_YOUR GOAL_
For this exercise, return only the lines in the records below from the one holding "Hey there, I'm" through the one holding "For example, using", including both, exactly as they appear and without pictures.

[Opening DATA FOR REVIEW section]

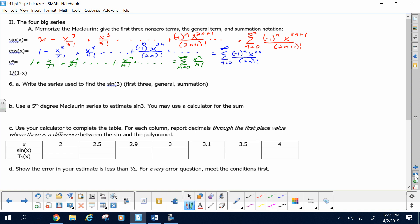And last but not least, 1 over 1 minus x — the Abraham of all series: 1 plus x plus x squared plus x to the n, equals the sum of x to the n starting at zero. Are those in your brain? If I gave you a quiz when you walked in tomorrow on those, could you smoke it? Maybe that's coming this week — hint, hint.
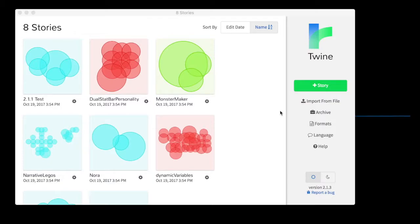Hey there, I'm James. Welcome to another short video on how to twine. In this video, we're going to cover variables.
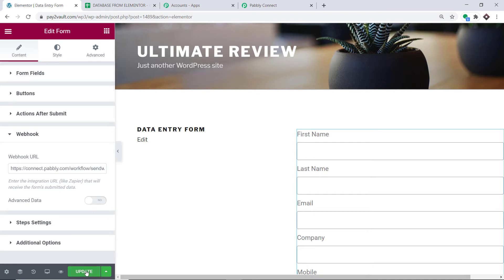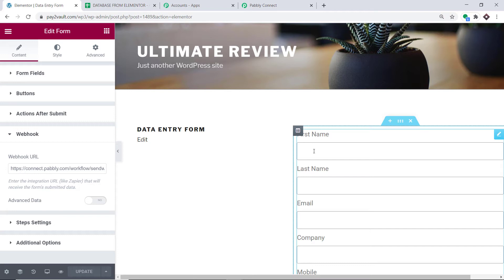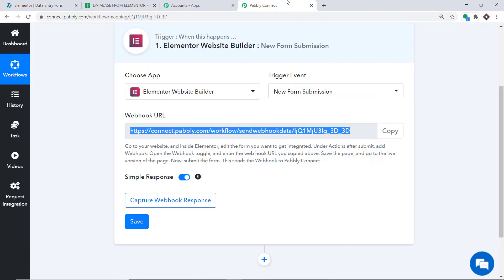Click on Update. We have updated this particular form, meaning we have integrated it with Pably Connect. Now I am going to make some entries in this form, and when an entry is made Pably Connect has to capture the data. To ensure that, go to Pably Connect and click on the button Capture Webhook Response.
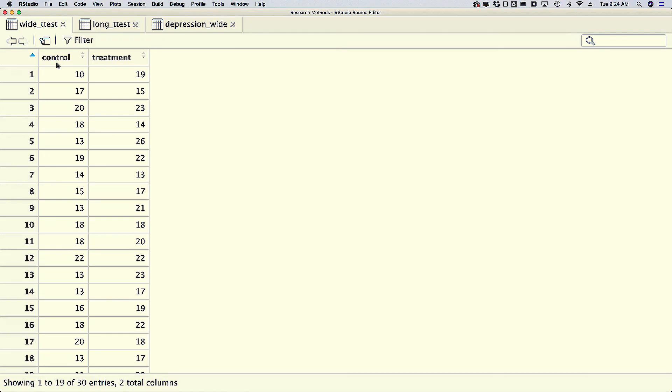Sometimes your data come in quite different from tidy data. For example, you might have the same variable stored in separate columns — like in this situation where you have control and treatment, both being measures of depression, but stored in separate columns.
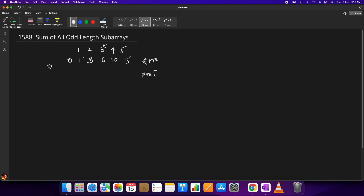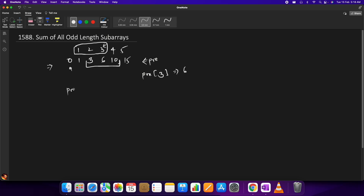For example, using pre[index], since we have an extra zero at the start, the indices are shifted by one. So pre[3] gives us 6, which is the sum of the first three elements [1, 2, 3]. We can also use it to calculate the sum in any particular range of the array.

[Closing DATA FOR REVIEW section]
[Opening DATA FOR REVIEW section]

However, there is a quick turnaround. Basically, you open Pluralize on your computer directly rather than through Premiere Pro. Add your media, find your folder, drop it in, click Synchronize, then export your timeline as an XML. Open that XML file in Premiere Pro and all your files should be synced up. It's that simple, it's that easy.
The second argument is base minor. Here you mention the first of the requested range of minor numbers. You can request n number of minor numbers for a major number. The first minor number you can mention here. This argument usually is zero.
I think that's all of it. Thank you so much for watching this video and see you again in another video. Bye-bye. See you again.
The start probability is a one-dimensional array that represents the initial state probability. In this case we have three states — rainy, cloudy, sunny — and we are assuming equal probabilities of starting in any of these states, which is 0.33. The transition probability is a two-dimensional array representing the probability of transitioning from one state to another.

[Closing DATA FOR REVIEW section]

_PROBLEM SOLUTION_
Hey there, I'm James. Welcome to another short video on how to twine. In this video, we're going to cover variables.
Click on Update. We have updated this particular form, meaning we have integrated it with Pably Connect. Now I am going to make some entries in this form, and when an entry is made Pably Connect has to capture the data. To ensure that, go to Pably Connect and click on the button Capture Webhook Response.
Sometimes your data come in quite different from tidy data. For example, you might have the same variable stored in separate columns — like in this situation where you have control and treatment, both being measures of depression, but stored in separate columns.
For example, using pre[index], since we have an extra zero at the start, the indices are shifted by one. So pre[3] gives us 6, which is the sum of the first three elements [1, 2, 3]. We can also use it to calculate the sum in any particular range of the array.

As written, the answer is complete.